Personally I’ve found very few nonfiction books which helped me improve and educate myself more than the fiction (almost 80% of my reading list).
Sometimes it just seems there’s a forcefully acquired obsession with nonfiction reading and the misplaced sense of intellectual accomplishment attached (I’d not call it pseudo intellectualism).
I often compare it, in crude ways, with how one picks up smoking in school/college just because the “cool kids” do it too. But then that’s more to fit in I guess, or to fulfil a need to belong.
I was surprised to find friends move quickly from normal (for the lack of proper word) to “need a cig to think” or “.. do X”. Similarly “dude, this [a nonfiction book] got ‘depth’” followed by a couple of “you know”s and subtly accusing fiction of being mere entertainment.

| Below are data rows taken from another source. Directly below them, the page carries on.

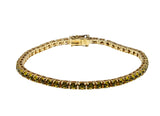Canary Yellow - Vintage Signed 'Joan Rivers' Gold Plated Crystal Tennis Bracelet (VB141)
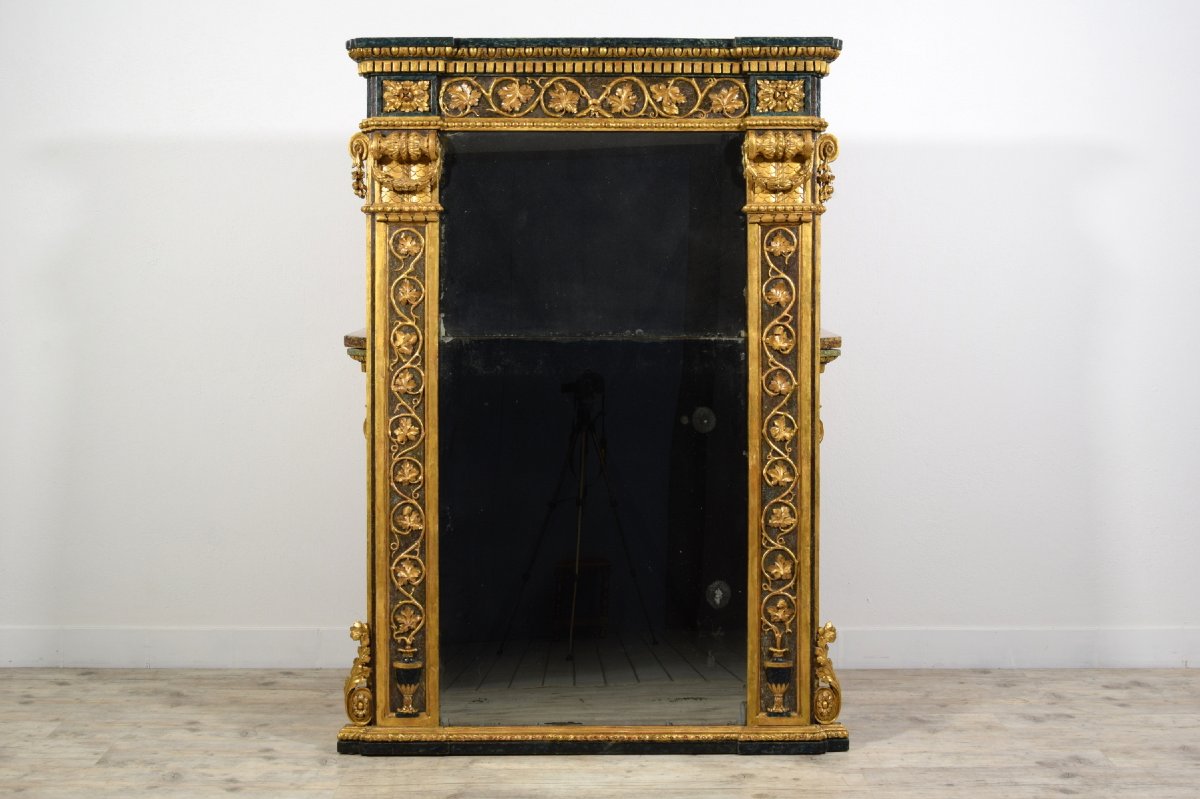 Consolle e specchiera neoclassiche in legno intagliato, laccato e dorato, Genova, fine XVIII se-photo-5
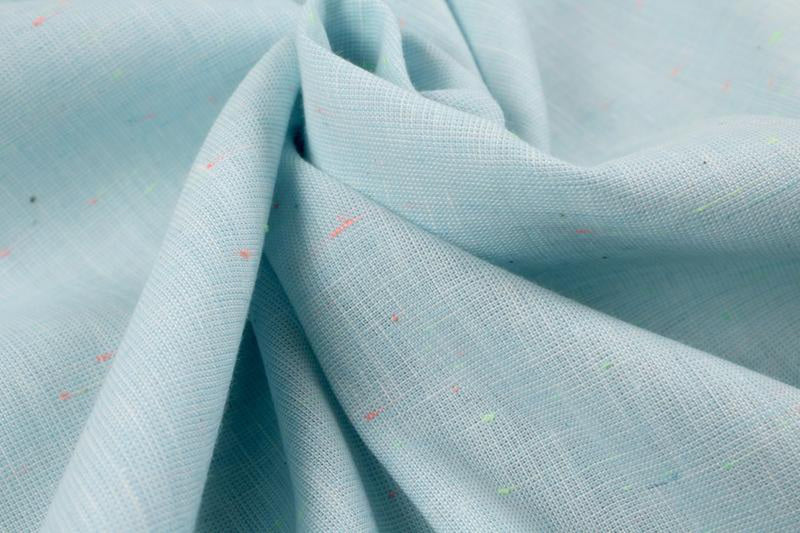 Premium Linen Cotton - Yarn dyed - Melange blue with neps-Fabric-FabricSight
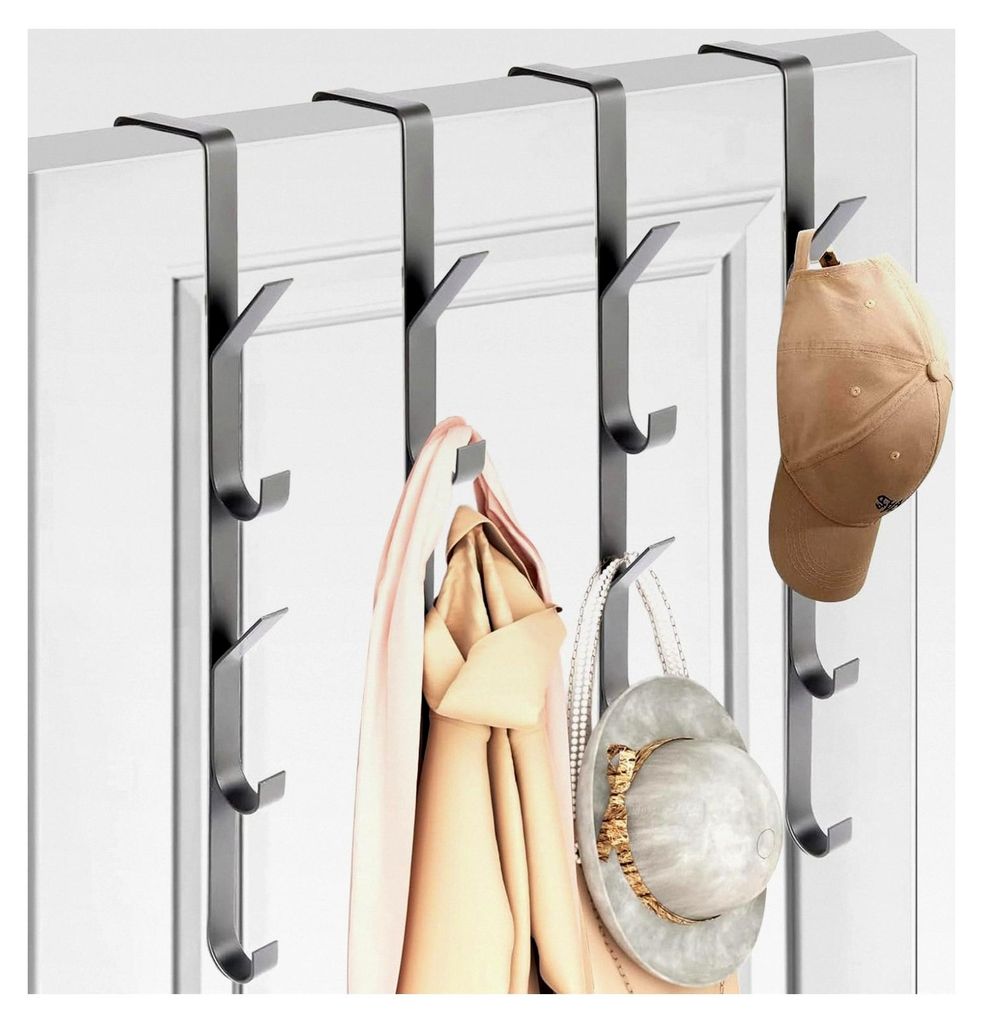 Türhaken Set 4x5 mit Garderobenhaken und Handtuchhalter für die Tür – Edelstahl Kleiderhaken als platzsparende Lösung für Bad, Küche und Sc...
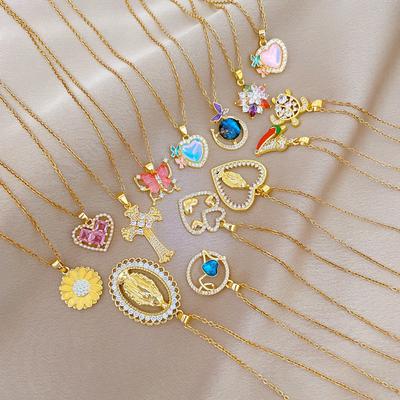 Copper Micro-Inlaid Light Luxury Fashion Personality Temperament Gorgeous Full Diamond Necklace Women'S Versatile Collarbone Chain Titanium Steel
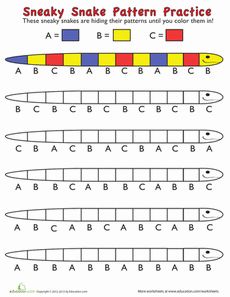 Snake pattern practice Snake Worksheet, Kindergarten Patterns, Maths Patterns, Patterns Worksheet, Patterns Math, Pattern Worksheets For Kindergarten, Patterning Kindergarten, Pattern Practice, Ide Jurnal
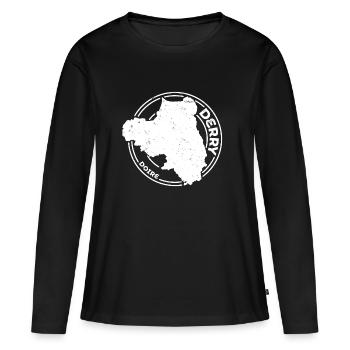 Derry Ireland Map | County Outline Stamp - Women's Premium Organic Long Sleeve Shirt - black - Front - Julia (174cm)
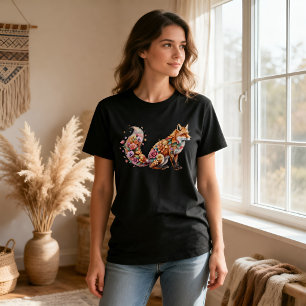 Bloemige Vos Shirt Kleurrijke Boho Dieren T-shirt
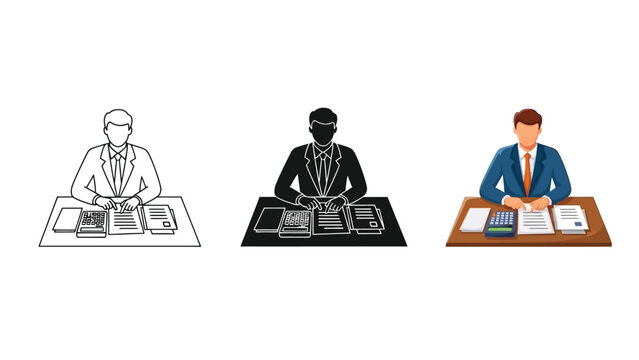 Accountant or businessman working at a desk with documents and calculator, depicted in three varied styles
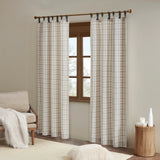 Plaid Fleece Lining Window Panel, Ivory
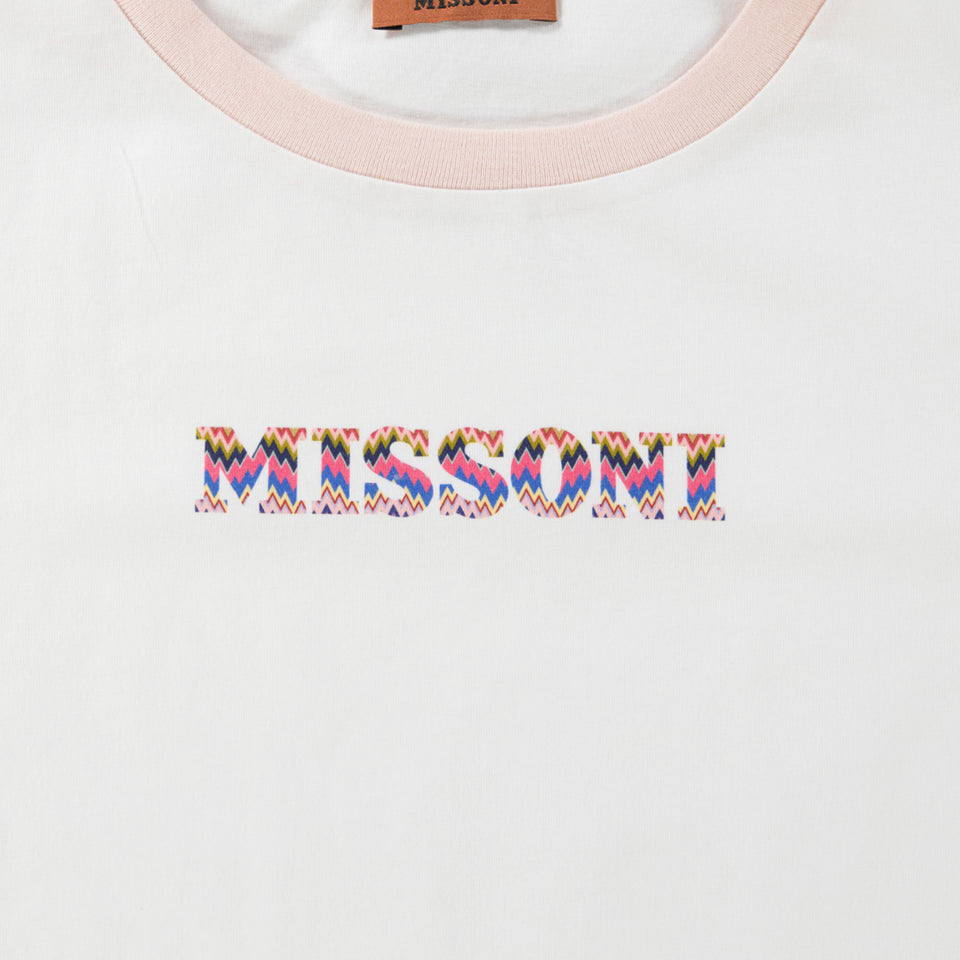 Missoni Kinder Meisjes T-Shirt In Wit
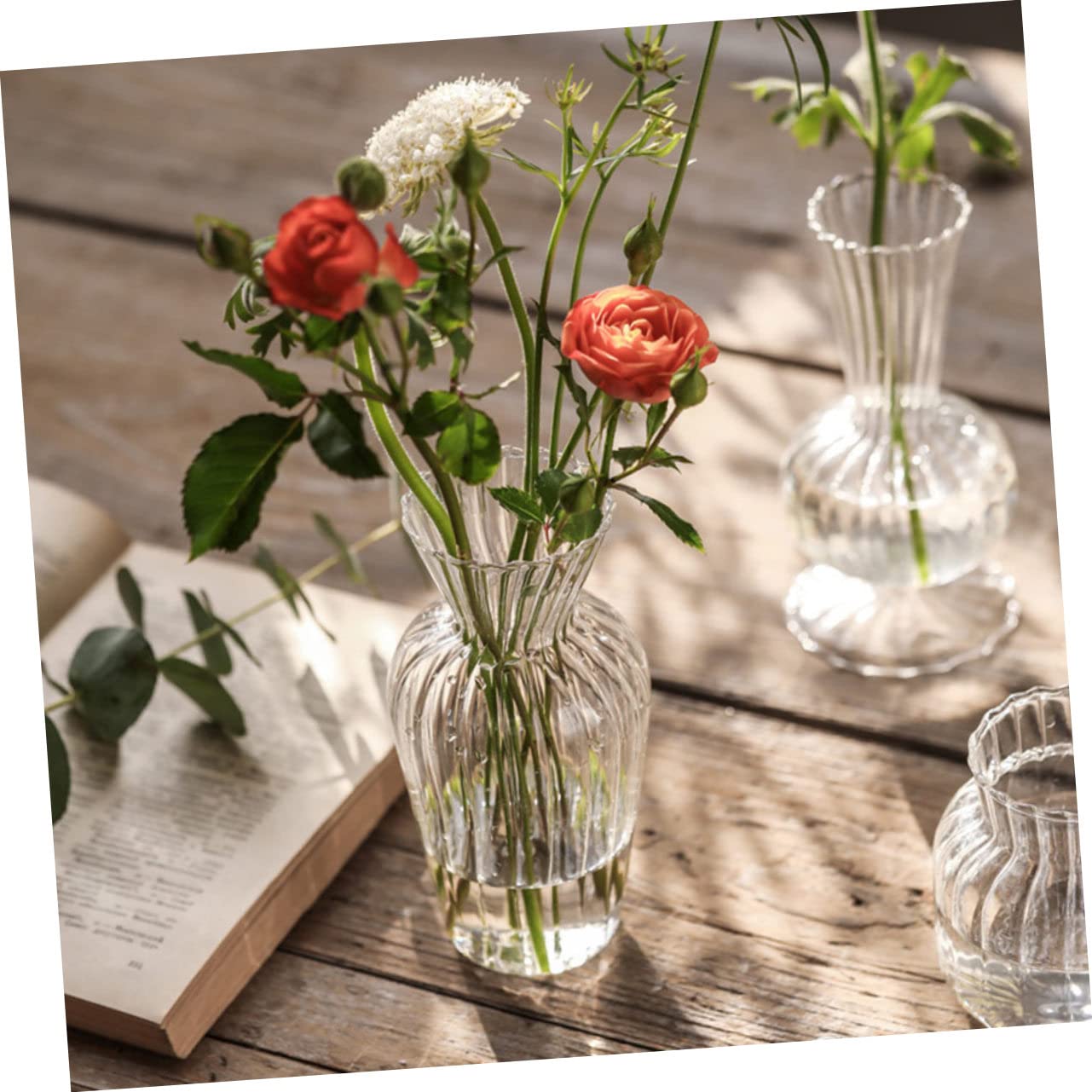 Amazon.co.jp: HOMOCONO シーシーストライプ模様のガラス製花瓶 卓上用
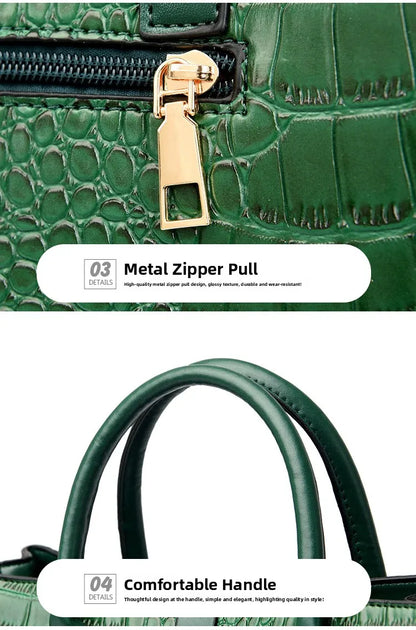 Crocodile-pattern handbag set with shoulder bags
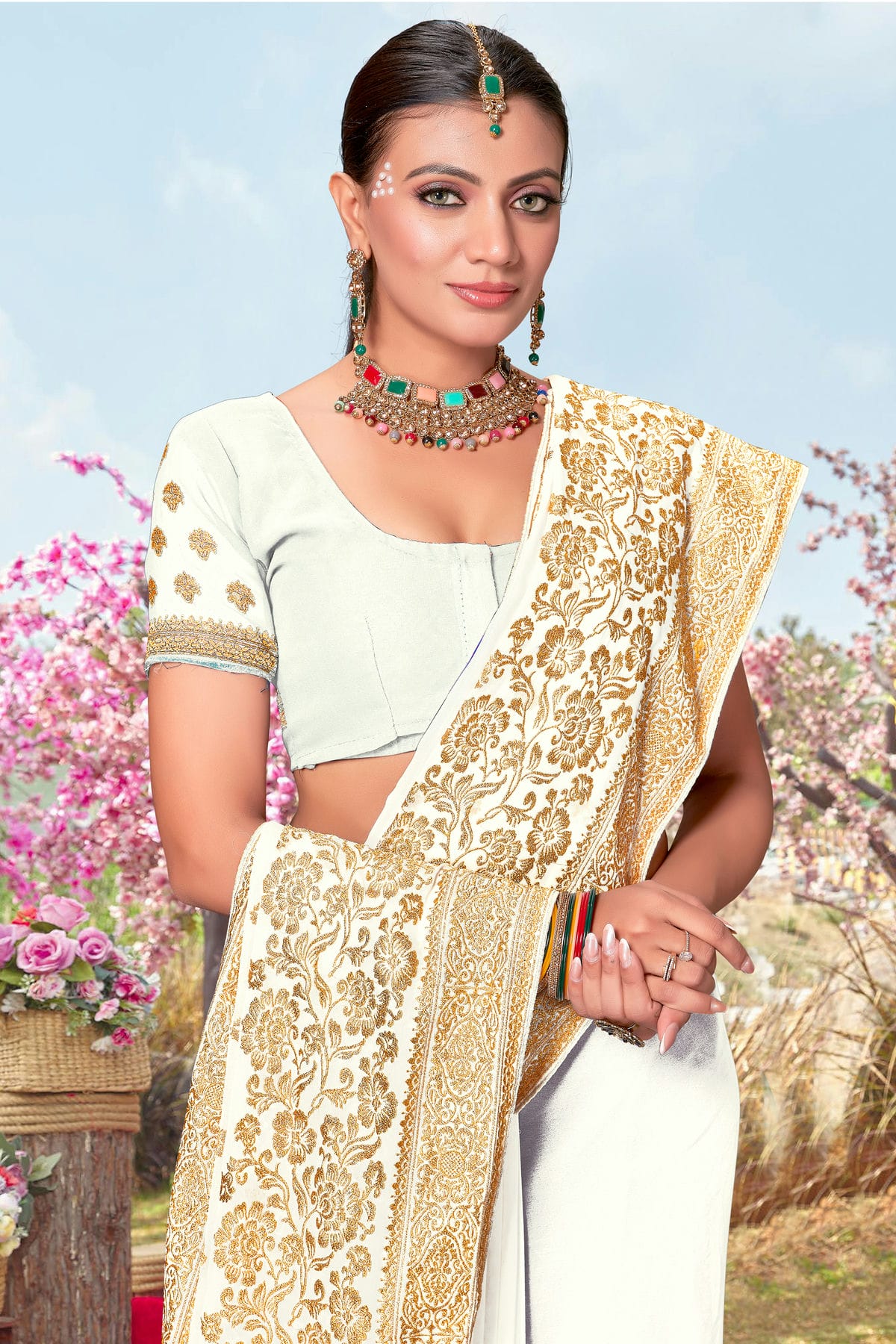 White Colour Georgette Designer Saree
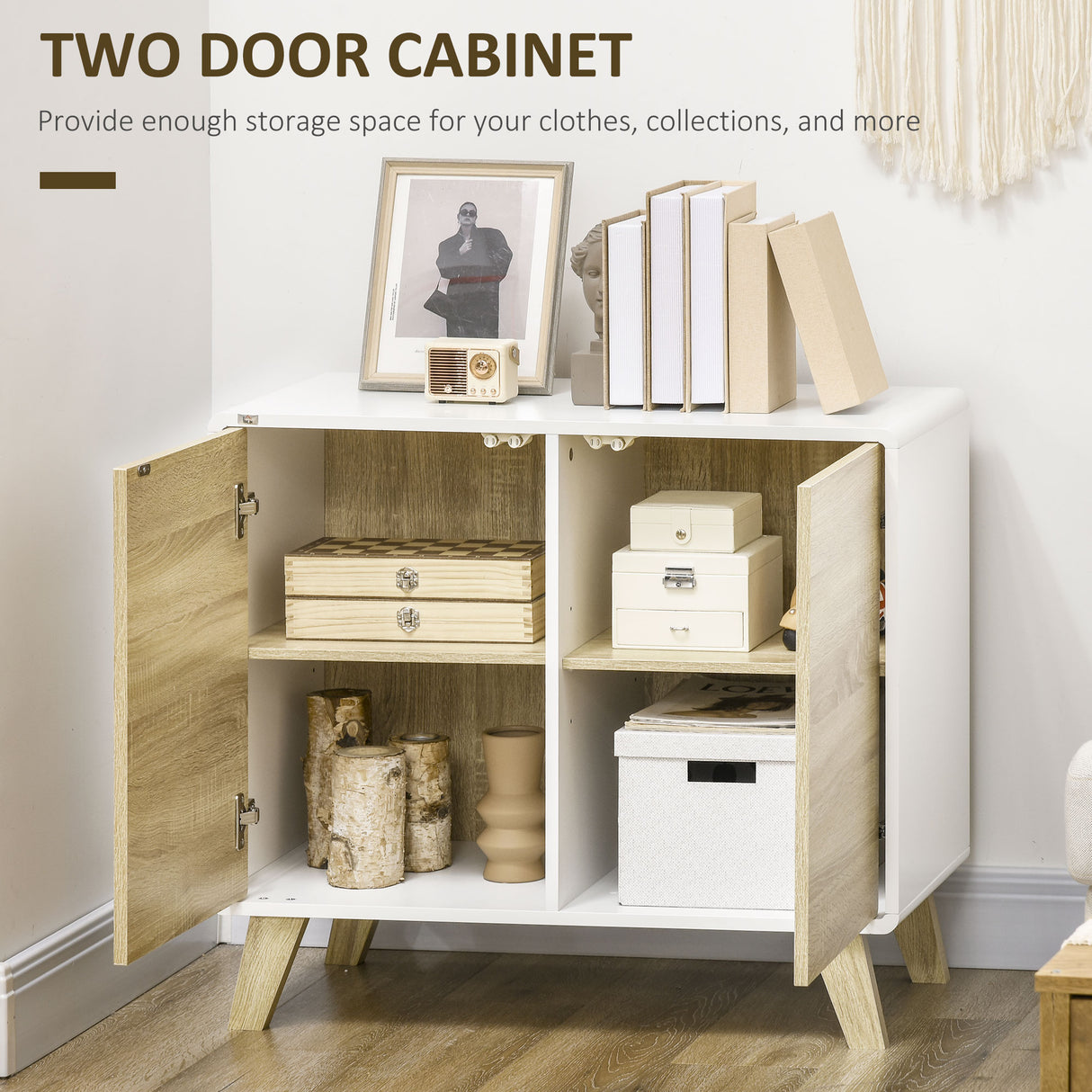 easycomfort easycomfort mobile multiuso con 2 ante a pressione e mensole regolabili in legno 80x40x70cm bianco e quercia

PS. I’d love to know whether there’s been work done on relating preference of self help books with isolation, loneliness, being introverted, reclusiveness, lack of knowledge of a broader spectrum of issues (or exposure to a diverse social circle, if any at all) but having developed a very sharp analytical and logical thunks in a very narrow manner (usually the related STEM field) and tendency to just fit in everything in those “formulas” etc. I have noticed a lot of these in myself and also observed them dramatically change as my surroundings and circle changed.
They probably make a good fit, especially with how tech people tend to think analytically about things. However, I'm not entirely convinced that self-help books will always work and I've often thought that you can sometimes be over-analytical about things. Also, sometimes you can understand the rational explanation of something, yet that still will not affect the way you respond.